Ferris Bueller had it right all along

A new law gives students the right to take a mental health day

According+to+the+cdc%2C+cdc.com%2C+and+teenmentalhealth.gov+one+in+5+students+suffer+from+mental+illness.+

Graphic courtesy of Ashley Sample

According to the cdc, cdc.com, and teenmentalhealth.gov one in 5 students suffer from mental illness.

By Ashley Sample, Staff Writer

Story originally published in the January 2020 edition of The Paw, our quarterly magazine.

 Ferris Bueller had the art of skipping school down to an elaborate art form. Most students aren’t that sophisticated, but luckily, should they decide they need a mental health day, they don’t need to stress any more.

     The state of Oregon introduced a new bill on July 1. 

     A new Oregon law allows students to take “mental health days” off from school, just as they would sick days.

     House Bill 2191 was signed into law by Gov. Kate Brown and effective as of July 1. Under the state’s new law, students can have up to five excused absences in a three-month period, which can now be either a sick day or a mental health day. Before students could only have an excused absence from a parent, doctor of professional.

     The bill attempts to treat mental health and physical health equally. The Oregon bill was initially dreamed up by high school students, who realized that Oregon has a high teenage suicide rate and who recognized that many of their peers were suffering from anxiety and other mental health issues.

     The students behind the law don’t expect their peers to start acting like Ferris Bueller. Instead they hope students, rather than lying to parents and faking sick, will be more likely to open up about their mental health issues.

     “I don’t think I have a really good answer to what a mental health day is because that would be up to each individual person to determine what a mental health day would be for them,” counselor Jason Ashley said. “I think for some people maybe they’re not physically sick like a cold or the flu but maybe they feel they need a day to recoup; not necessarily to avoid school work or tests.” 

     Ashley stated that if one suffers from depression, anxiety, panic attacks, or bipolar disorder, they may need to take a mental health day occasionally. 

     “I have taken a mental health day,” senior Meghan Turley said. “I get pretty nervous and overwhelmed easily, so it’s really nice to have a chance to just take a day off and put myself back together kind of.” 

     Turley says having the ability to take time off to recharge has been really helpful this year.
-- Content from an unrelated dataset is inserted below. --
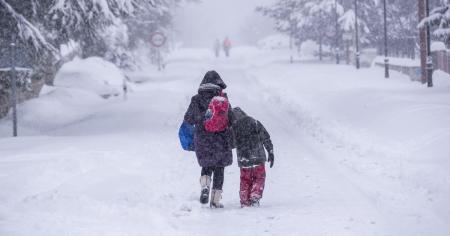 Украину засыпает снегом: кто под угрозой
     “I’m a really big believer that mental health should be treated the same way as physical health, and it’s really normalized to take a day off when you’re sick, so it should be the same way when you’re struggling with mental health.”

     “It’s good but I also think they should teach kids more useful stuff about how to deal with mental health so there isn’t that much need for people to have mental health days,” senior Kylie Jackman said. 

     “It’s a good idea for people that actually have mental health problems but it’s going to get abused for the people that don’t that will just say they’re depressed and need a break today when they’re not actually and they’re just going to take a day off just because they don’t want to go to school,” sophomore Cadence Neal said. Neal has never taken a mental health day and does not know of anyone who has. 

     While the state tells students to take time away from school if they find it necessary, the state finds the chronic absenteeism percentage to be a problem. According to state data, in the school year 2017-2018, the states chronic absenteeism percentage rose nearly one percent, to 20.5 percent. Chronic absenteeism is defined as missing ten percent or more of a school year for any reason. The state has recently been trying to lower that percentage, but the new mental health days they have created may get in the way of that.

     “They created these mental health days so kids and families could call the schools and say ‘I’m taking a mental health day’ but I think in our system it might just be in the system as an excused absence,” Ashley said. 

     He believes having them know it is excused may put them at ease. 

     “I think there are probably a lot of people that take mental health days and don’t call so it might just be in the system as an unexcused absence or they don’t want to say it’s a mental health day because they maybe wouldn’t want the label of someone saying they are taking a mental health day.”